Perhaps one of the biggest mistakes I’ve seen new screenwriters commit is the amount of creativity placed within their characters; or lack thereof. Who a character is and the elements used to piece together his personality are perhaps the most difficult aspect of screenwriting. While a story may be interesting and well-developed, if its characters follow stereotypical or “easy” traits then the entire story is weakened.
Foregoing easy character choices is not easy as it may seem. Cultivating an individual personality requires eliminating preconceived notions of how a person should act.
Breaking Apart Stereotypes
The idea of stereotypes in screenwriting is nothing new. Creating a new character free from judgments and preconceived ideas a writer can implement is difficult, but not impossible. While it takes time to truly cultivate this writing technique, when accomplished your characters and stories will be intriguing.
At some point in the writing process, it’s important to start asking “why.” However, instead of answering with the most common or practical solution, take a moment to delve into a different head space. I’ve found the best way to do so is through breaking down stereotypes by implementing the opposite.
Selecting opposite choices for a character reveals a different side to them that may be important for final development. Instead of a character being angry in class because his parents are going through a divorce, maybe he’s angry because his parents are together but he wishes he had different parents. Maybe this desire is so thick it causes him to become angry. If you were to take time to truly cultivate this idea, your character could maintain all the major personality traits you wish him to have while deepening them and simultaneously growing the story line.
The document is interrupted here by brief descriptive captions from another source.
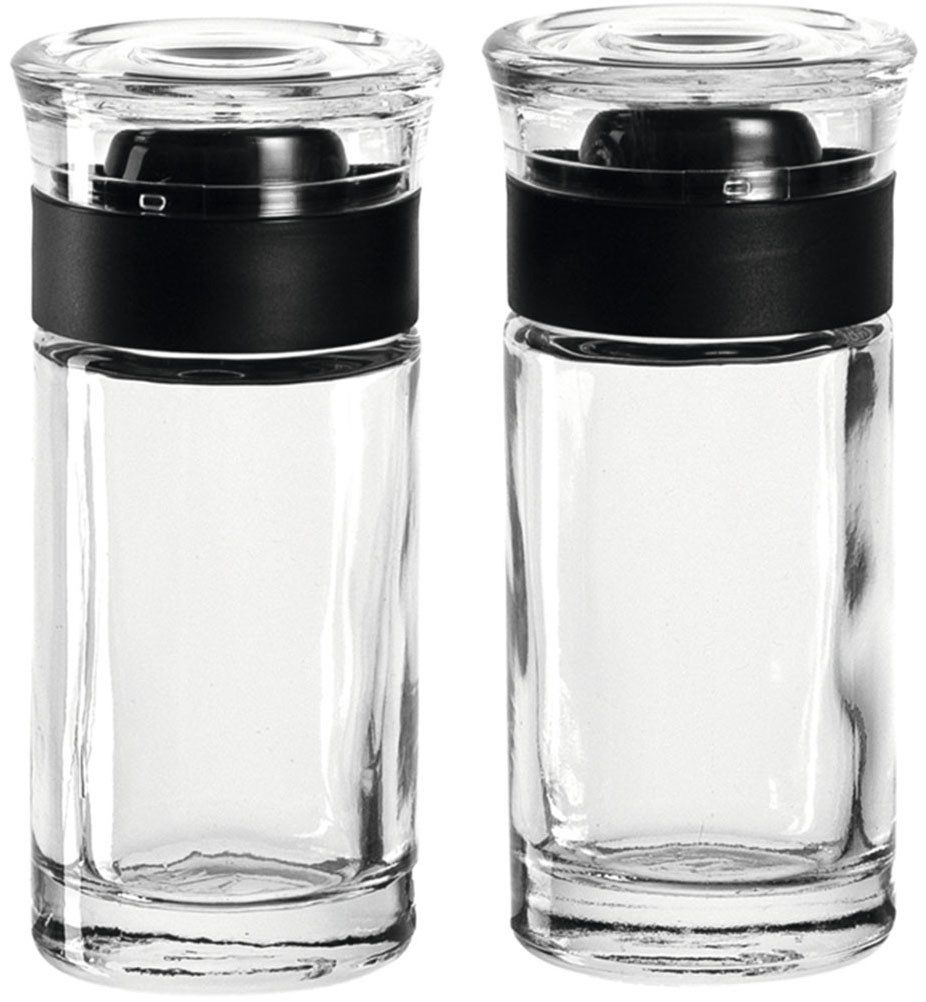 LEONARDO Salz- / Pfefferstreuer CUCINA, Gewürzstreuer, 2er Set, (Set, 2-tlg), Höhe ca. 9 cm, Fassungsvermögen je 40 ml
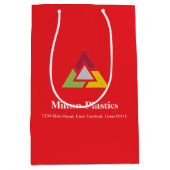 企業ロゴ入りギフトバッグ ミディアムペーパーバッグ (正面)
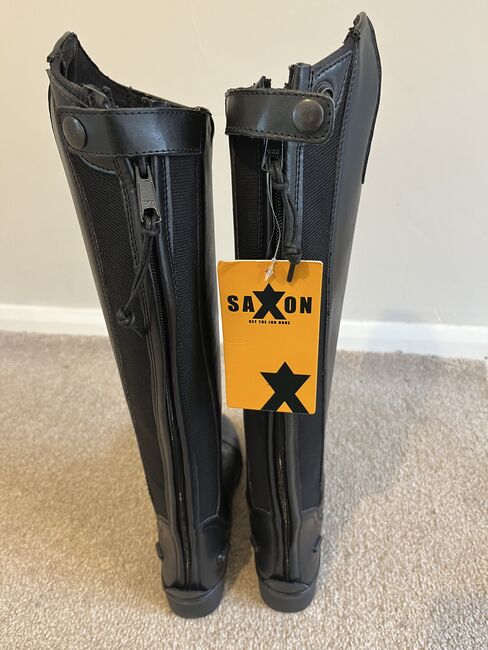 Saxon ladies/older girls riding boots, Saxon Syntovia tall field boots, Tony McDonnell, Riding Boots, Cranbrook, Image 2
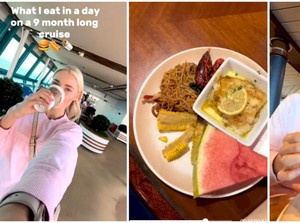 Wanita Ini Pamer Menu Makan di Kapal Pesiar Selama 9 Bulan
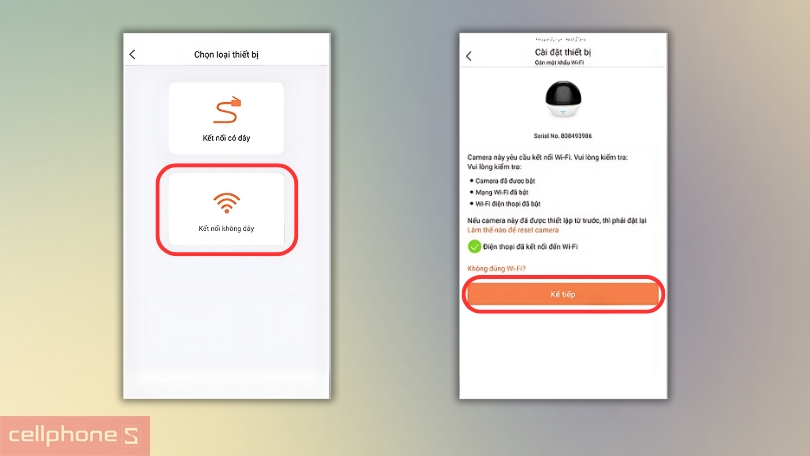 Hướng dẫn kết nối camera EZVIZ IP WiFi H8C 3MP 2K với điện thoại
A predictable character is an easy character. While impossible to create a person who is entirely unpredictable, screenwriters have an opportunity to choose the road less traveled. The aforementioned example is a decent representation of not going with the predictable character mindset. A teenager who’s upset because his parents are divorcing is relatable for many viewers, yet its a plot element that’s continually called upon. Since his reasons for anger are because he hates his parents relationship and wishes they would divorce so he could have two new parents when they re-marry is much different not predictable at all.
Predictability will dilute the message a story wishes to deliver. It’s not easy writing without the influence of commonality; however, when mastered your screenwriting will take on an entirely new level of creativeness and interest.